Well, I’ll tell you.

Friday night, 11pm, 29 year-old female funeral director, a dead body needing removal, a snowstorm, a massive nursing home.

That’s about all you need. Now let’s get started:

It’s one of those snowstorms that seems perhaps worse than it is because it started at night so nothing has been shoveled. Plus when you head out into said weekend snowstorm it feels like you’re the only sober one on the road (because you are) and it becomes exponentially worse. Of course I’m on call and am required to do a removal at a nursing home that’s not too far away but that I have never been to.

What’s a removal?

Exactly what you’re thinking: picking up a dead person.

You’re going alone? But you’re just a girl!

I’m well aware of this. Yes, I’m going alone.

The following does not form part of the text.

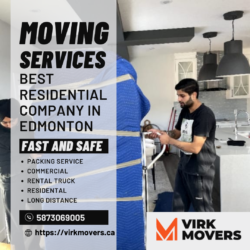 Best residential moving company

Going to a new nursing home is never much fun because they all have their own quirks and directions for where to park the van, how to be incognito, which back elevator to use, how not to let the memory care residents outside, etc. Generally these instructions are given to you by a nurse or nurse’s aid who speaks poor English and thinks you’re taboo or cursed because you handle the deceased. “Park by the dumpster” or “there’s a sign” or “go around the back” are all great examples of non-specific advice that are impossible to apply to most locations.

In this particular case there is a sign and it is around the back. The sign says “Funeral Home Parking Only.” How sweet. I feel a little VIP. I back into my special spot and walk around to open the back of the van. Here’s the issue: the sidewalk has at least 4, maybe more like 5, inches of snow coverage so not only am I soaked to my ankles, I have to push a cot on rickety wheels from the van to the door of the building.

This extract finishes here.